Implementing Basic RBAC Policies

2 min read Infrastructure & DevOps Security

Implementing Basic RBAC Policies

Effective RBAC implementation begins with understanding organizational roles and mapping them to Kubernetes permissions. Development teams typically need namespace-scoped permissions to deploy applications. Operations teams require broader permissions for cluster maintenance. Security teams need audit and policy management capabilities. These organizational roles guide RBAC design.

Creating namespace-scoped developer access demonstrates basic RBAC patterns. Developers need permissions to manage applications within their namespaces without affecting other teams.

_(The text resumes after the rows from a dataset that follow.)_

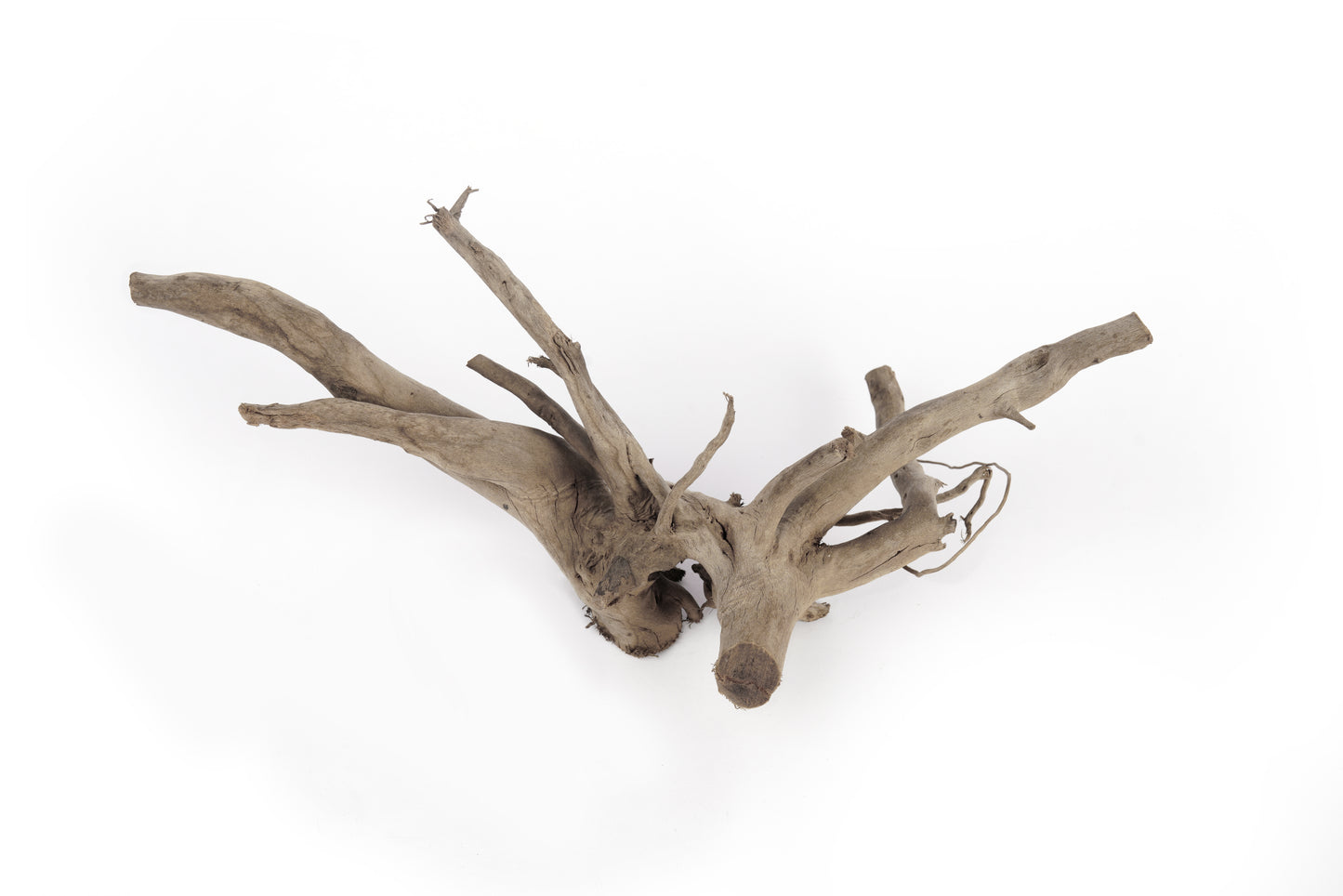 LANDEN Natural Spider Wood Aquarium Decorative Fish Tank Decorations, Driftwood Branches (12-16 Inch, XL) 4 Pcs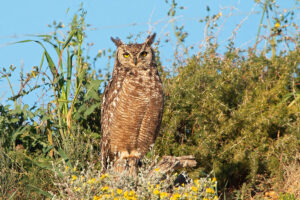 Spotted Eagle Owl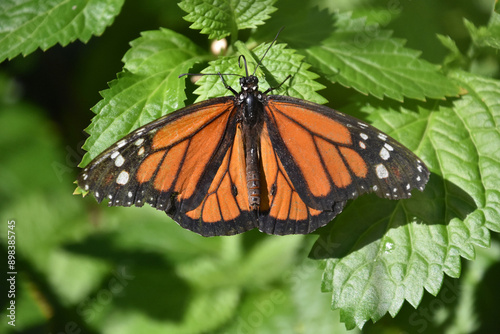 Stunning Monarch Butterfly With Wings Spread Wide photo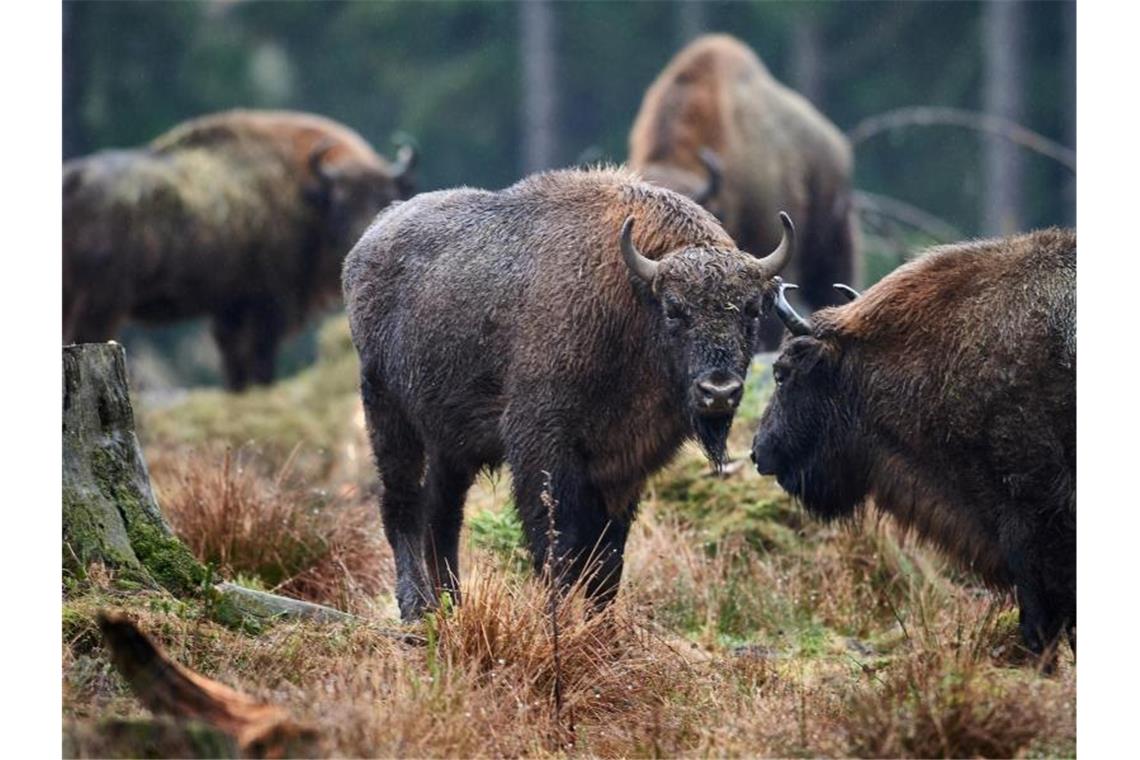 BGH: Waldbauern wehren sich gegen ausgewilderte Wisente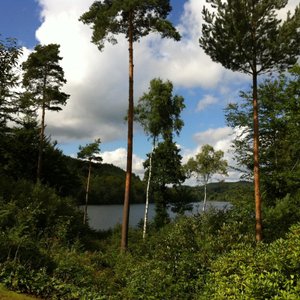 View from bedroom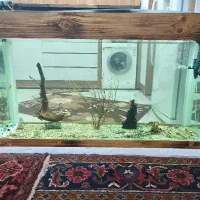 آکواریوم با تمام تجهیزات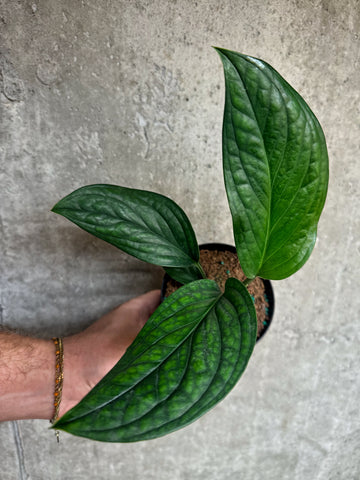 Monstera Karstenium 'Peru'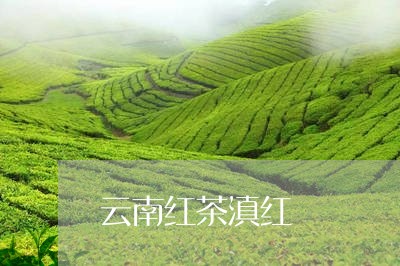 云南红茶滇红/2023042991628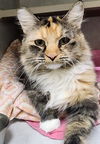 adoptable Cat in  named Goldie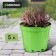 Pot for seedlings, 5 l, d = 22 cm, h = 18 cm, green, greengo
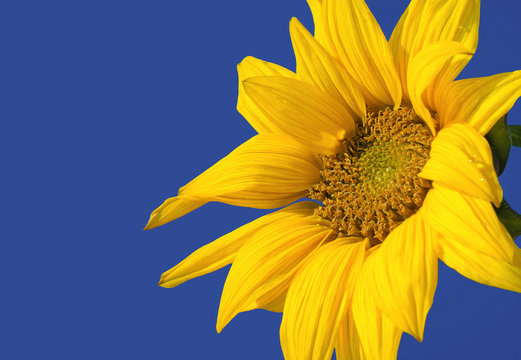 sunflower over blue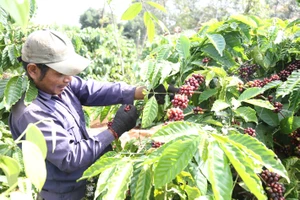 Giảm diện tích, tăng tái canh và định vị vùng trồng cà phê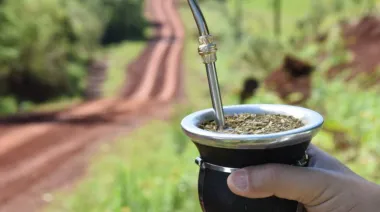 ¿Otro escándalo como el del INTA? El Gobierno empuja un polémico nombramiento en Misiones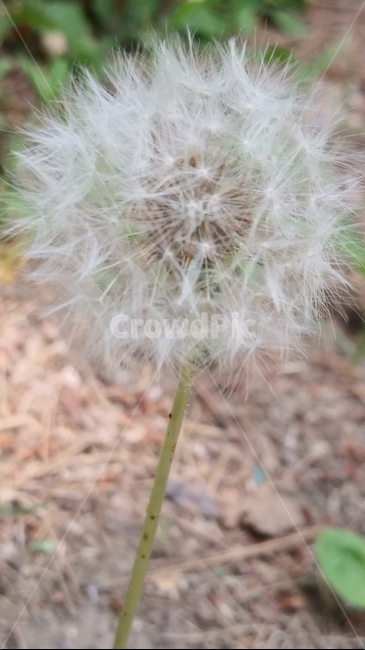 민들레,쌍떡잎식물,들꽃,민들레홀씨,초롱꽃목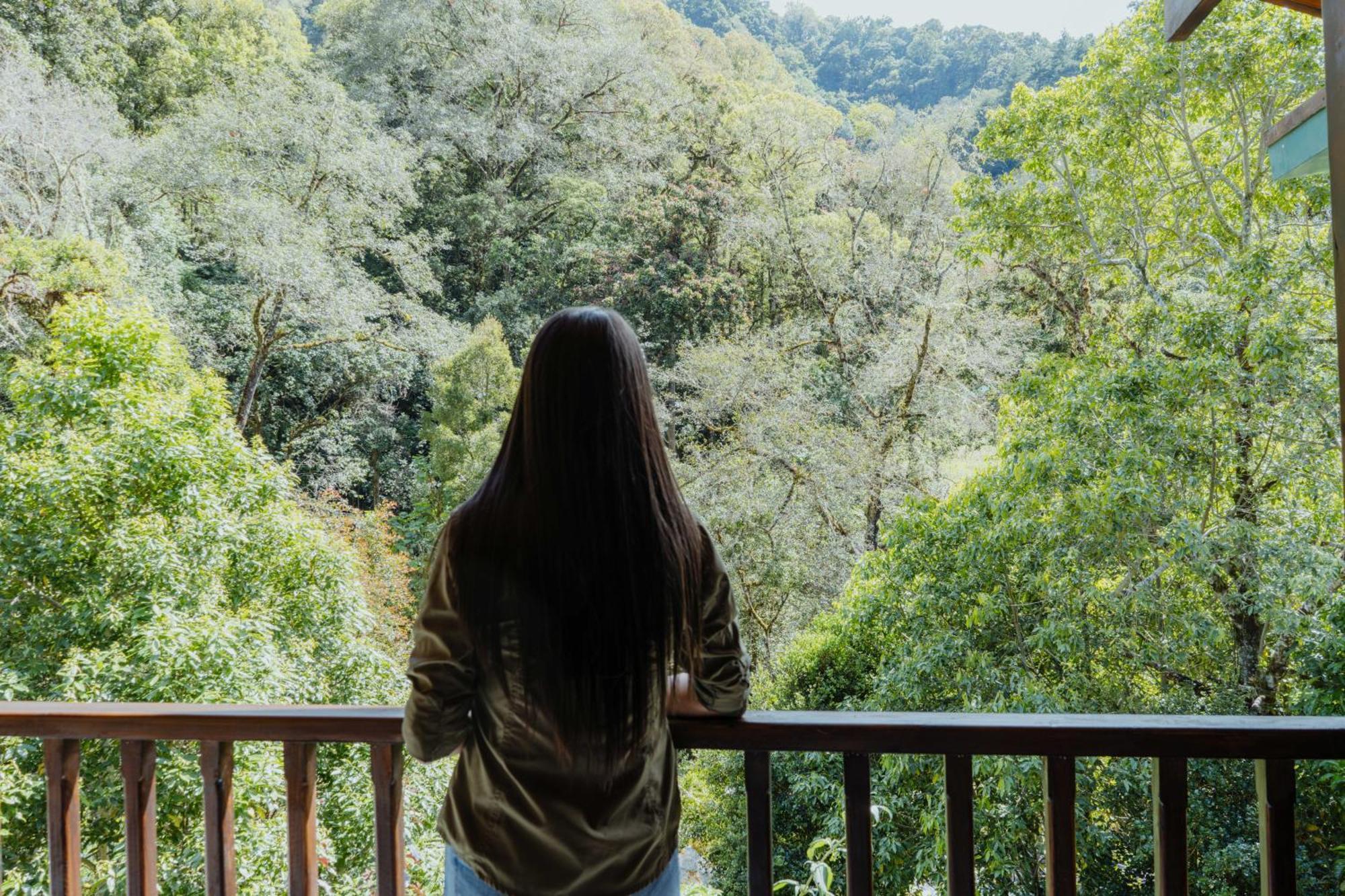 Cabinas El Quetzal San Gerardo de Dota Eksteriør bilde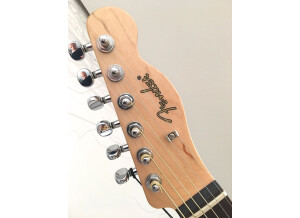 Fender Standard Telecoustic Paisley (77724)
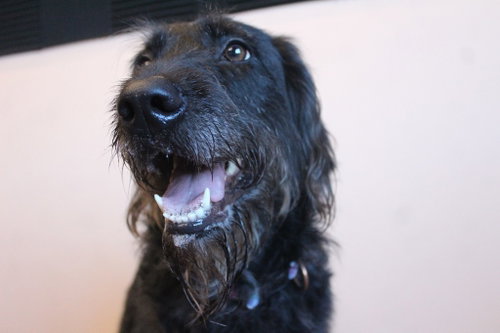Xena photo 3
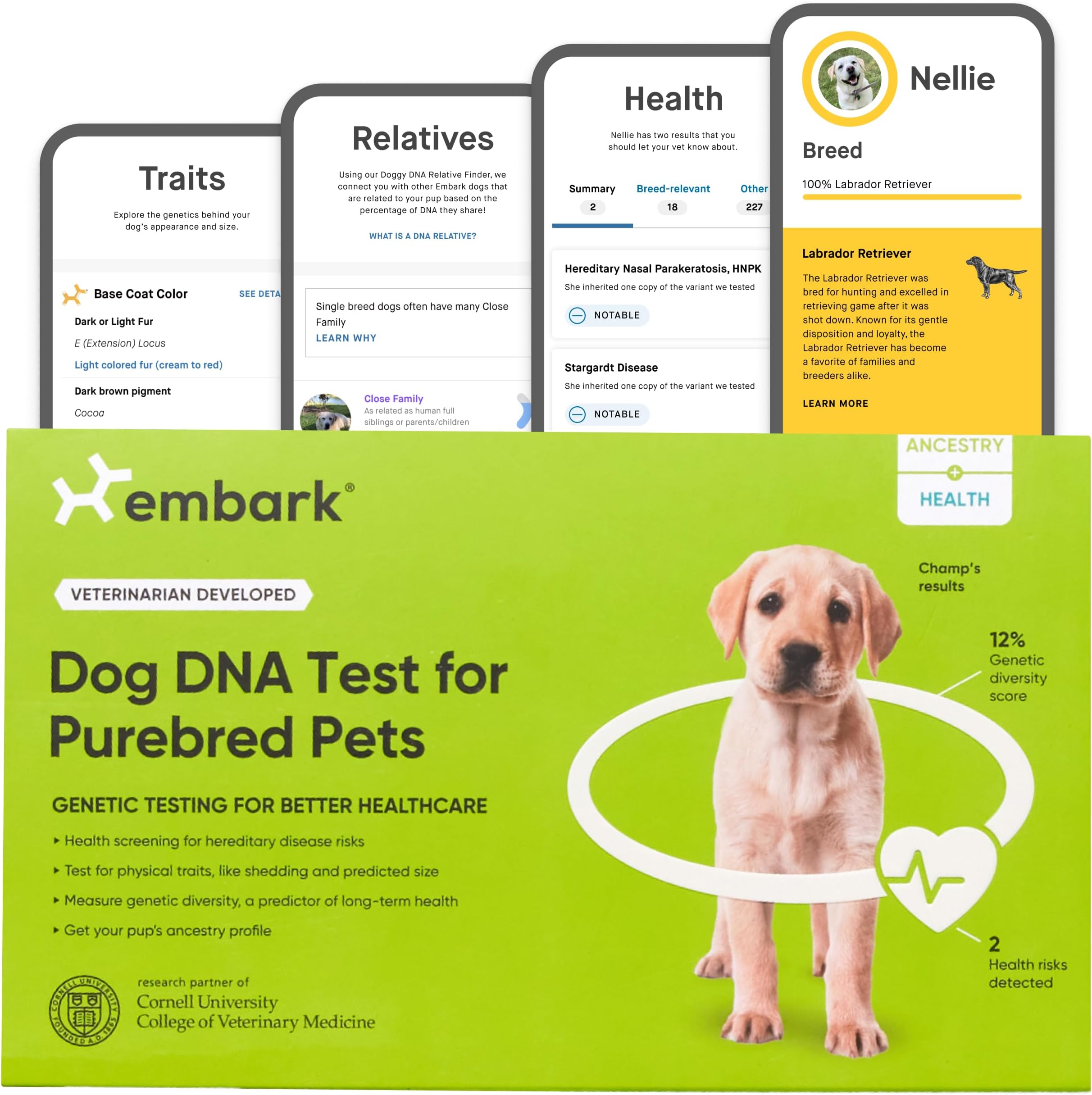 Dog DNA Test for Purebred Pets | Canine Genetic Health Screening & Genetic Diversity Score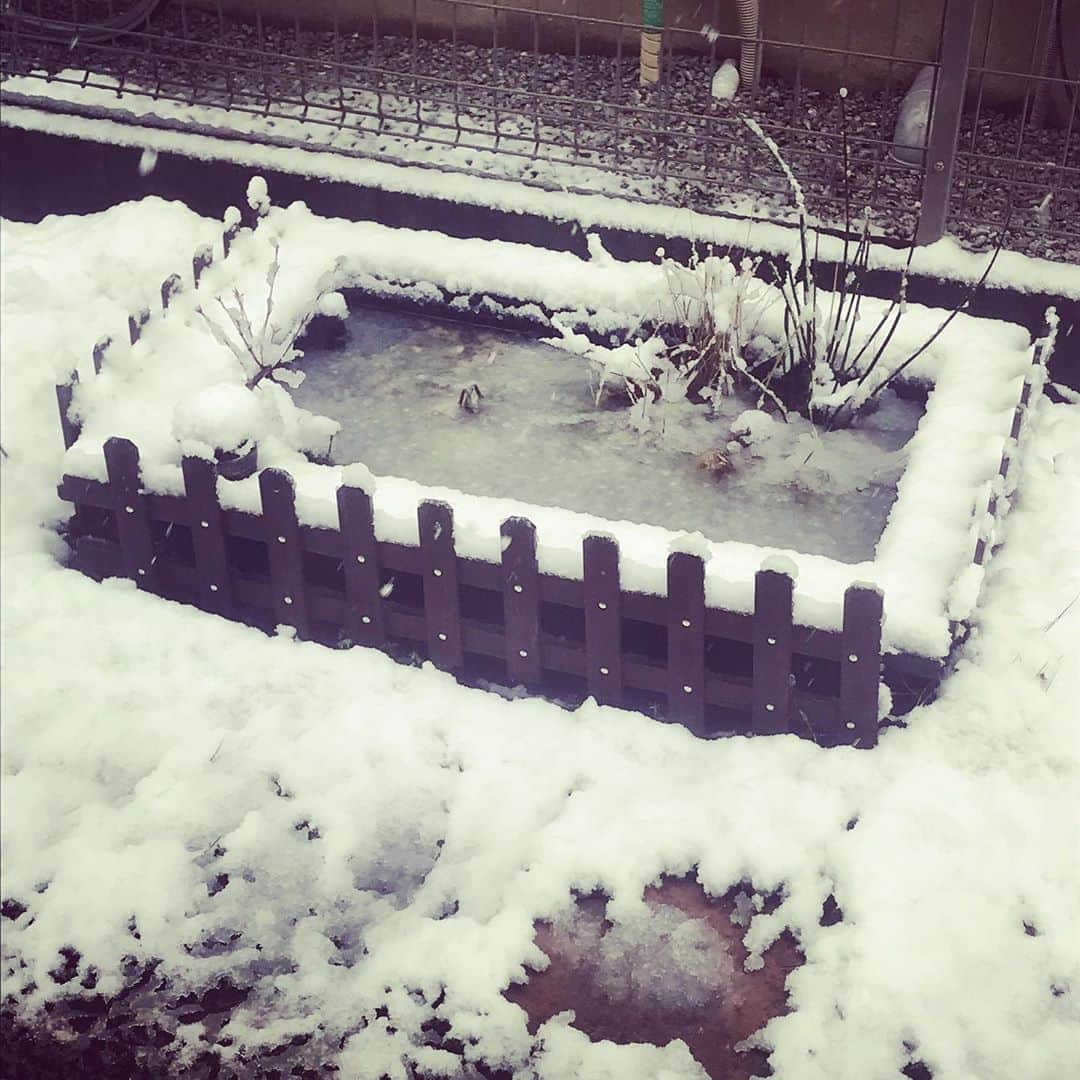 小森高博のインスタグラム：「まさかの雪☃️ メダカよ生き延びておくれー！」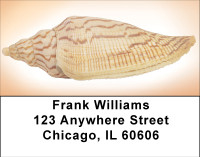 Peachy Shell Collection Address Labels | LBBBE-02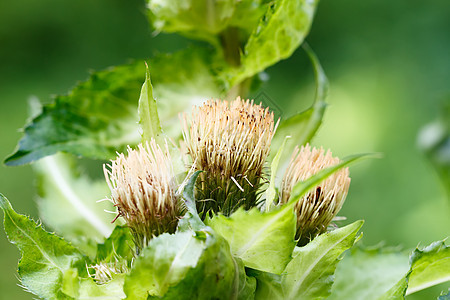 开花后的绿叶子草本植物植物植物群植被草地野花多刺荒野荆棘图片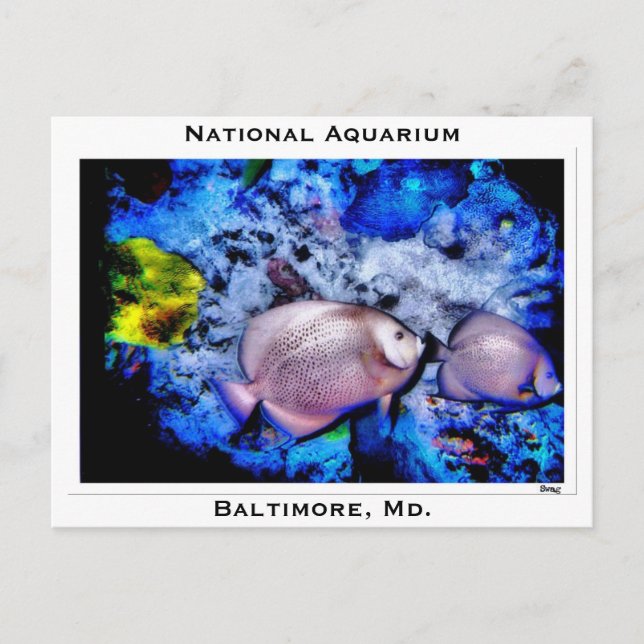 National Aquarium, Baltimore, Md. Postcard (Front)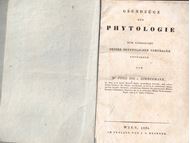 Grundzüge der Phytologie  zum Gebrauche seines Öffentlichen Vortrages Entworfen. Wien 1831. XXIV, 702 S. gr8vo. Pappband.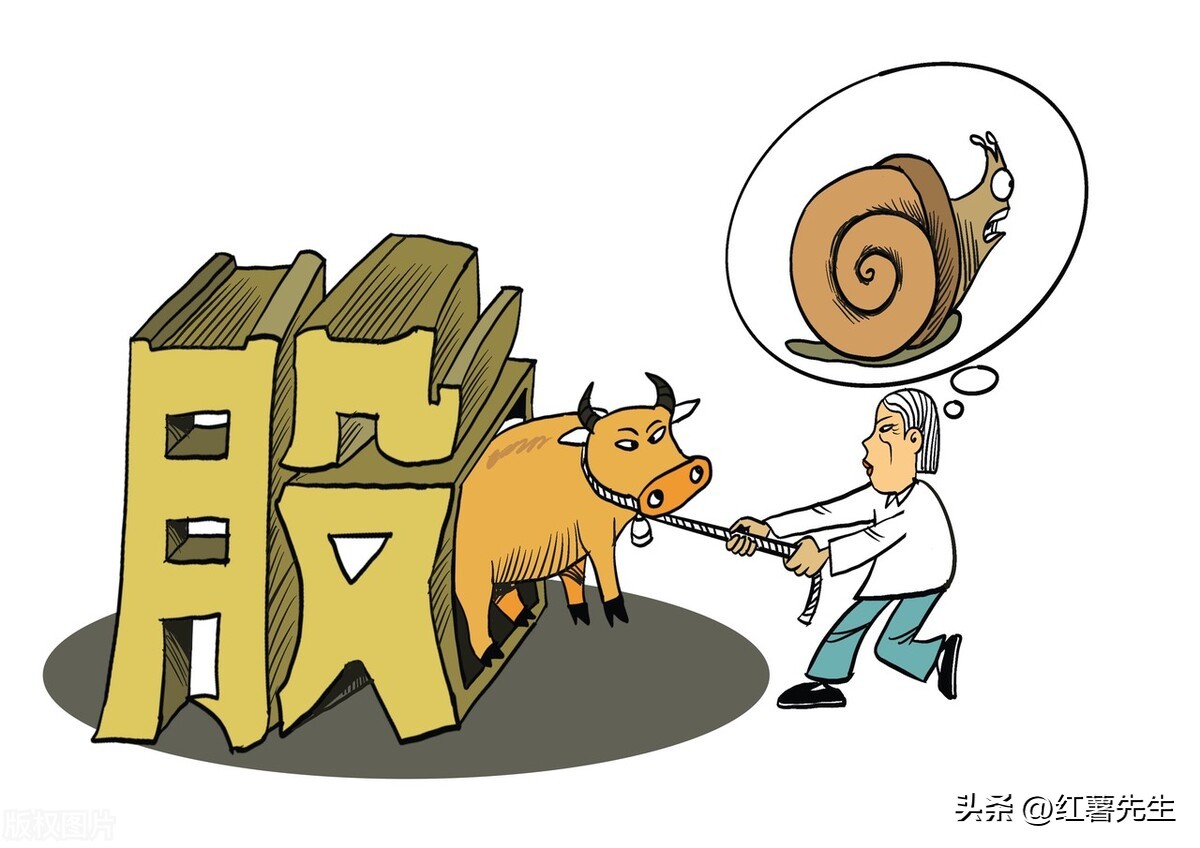 估值低的细分龙头,2022估值低业绩好细分龙头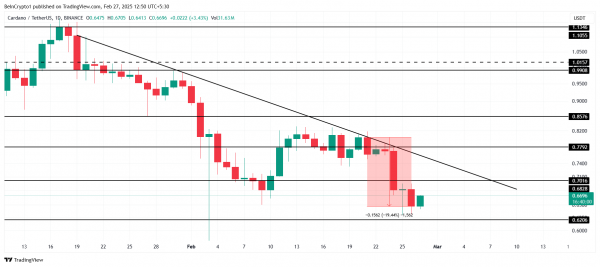 Киты накопили 300 млн ADA на фоне падения цены Cardano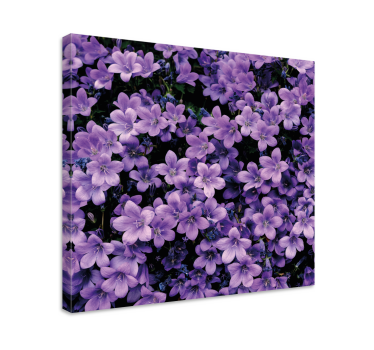 Wandbild Blume Vage lila blumen - TenStickers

This includes creating and managing pods, services, and configurations while preventing access to sensitive resources like secrets or cluster-wide resources.

# Developer role with application deployment permissions
apiVersion: rbac.authorization.k8s.io/v1
kind: Role
metadata:
  name: developer
  namespace: team-alpha
rules:
# Pod management
- apiGroups: [""]
  resources: ["pods", "pods/log", "pods/exec", "pods/portforward"]
  verbs: ["get", "list", "watch", "create", "update", "patch", "delete"]
  
# Service and endpoint management
- apiGroups: [""]
  resources: ["services", "endpoints"]
  verbs: ["get", "list", "watch", "create", "update", "patch", "delete"]
  
# ConfigMap management
- apiGroups: [""]
  resources: ["configmaps"]
  verbs: ["get", "list", "watch", "create", "update", "patch", "delete"]
  
# Secret read-only access
- apiGroups: [""]
  resources: ["secrets"]
  verbs: ["get", "list", "watch"]
  
# Deployment management
- apiGroups: ["apps"]
  resources: ["deployments", "replicasets", "statefulsets"]
  verbs: ["get", "list", "watch", "create", "update", "patch", "delete"]
  
# Ingress management
- apiGroups: ["networking.k8s.io"]
  resources: ["ingresses"]
  verbs: ["get", "list", "watch", "create", "update", "patch", "delete"]
  
# Event access for troubleshooting
- apiGroups: [""]
  resources: ["events"]
  verbs: ["get", "list", "watch"]

---
# Bind developer role to team members
apiVersion: rbac.authorization.k8s.io/v1
kind: RoleBinding
metadata:
  name: developer-binding
  namespace: team-alpha
roleRef:
  apiGroup: rbac.authorization.k8s.io
  kind: Role
  name: developer
subjects:
# Individual users
- kind: User
  name: [email protected]
  apiGroup: rbac.authorization.k8s.io
- kind: User
  name: [email protected]
  apiGroup: rbac.authorization.k8s.io
# Groups from identity provider
- kind: Group
  name: team-alpha-developers
  apiGroup: rbac.authorization.k8s.io

Service account RBAC requires special attention as it controls pod permissions within the cluster. Default service accounts often have excessive permissions, creating security risks. Creating dedicated service accounts with minimal permissions for each application improves security. This prevents compromised applications from affecting other cluster resources.